## Aim of the task
When you reach the line containing "The Microsoft Office" in the data below, begin returning lines exactly as written, and stop once the line containing "Savaşın İçinde Barışı" has been returned.

## Dataset entries
********
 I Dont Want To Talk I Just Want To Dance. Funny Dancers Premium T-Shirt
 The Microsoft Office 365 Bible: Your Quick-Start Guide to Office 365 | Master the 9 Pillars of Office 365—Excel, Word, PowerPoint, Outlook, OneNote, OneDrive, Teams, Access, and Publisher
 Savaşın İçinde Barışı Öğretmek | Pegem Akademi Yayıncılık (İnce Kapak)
********
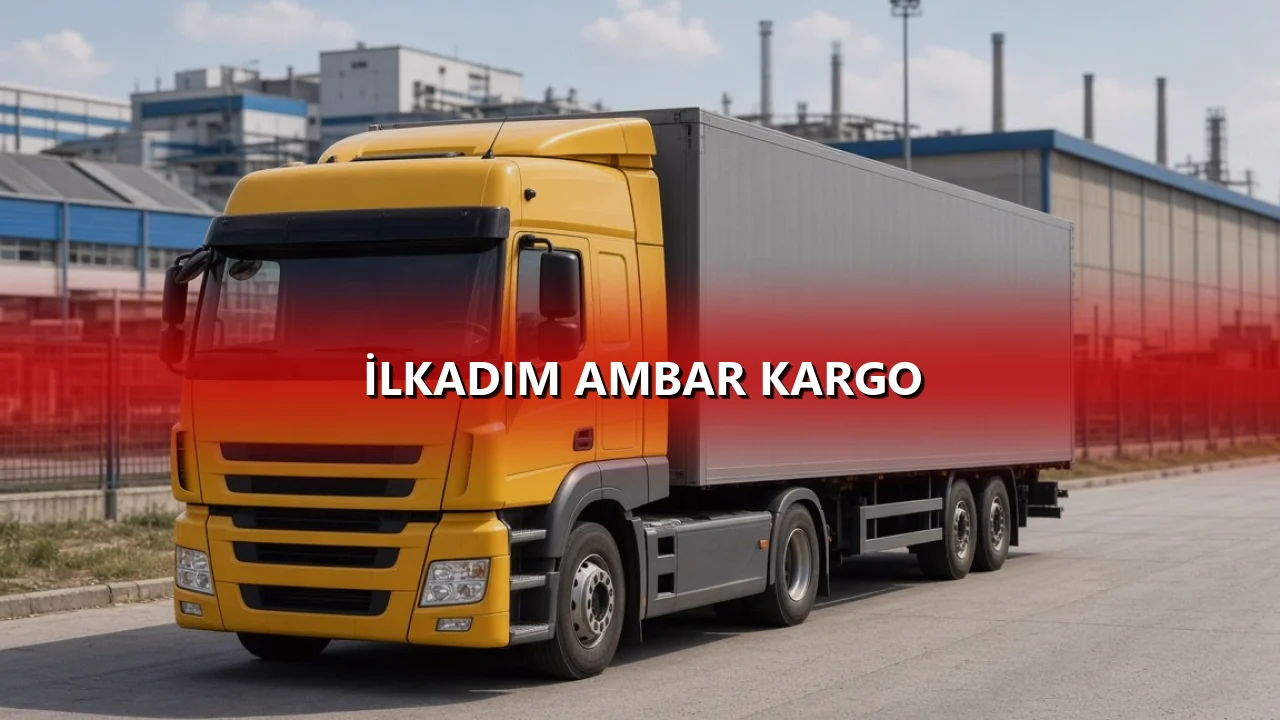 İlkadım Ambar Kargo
********
## Finished task
 The Microsoft Office 365 Bible: Your Quick-Start Guide to Office 365 | Master the 9 Pillars of Office 365—Excel, Word, PowerPoint, Outlook, OneNote, OneDrive, Teams, Access, and Publisher
 Savaşın İçinde Barışı Öğretmek | Pegem Akademi Yayıncılık (İnce Kapak)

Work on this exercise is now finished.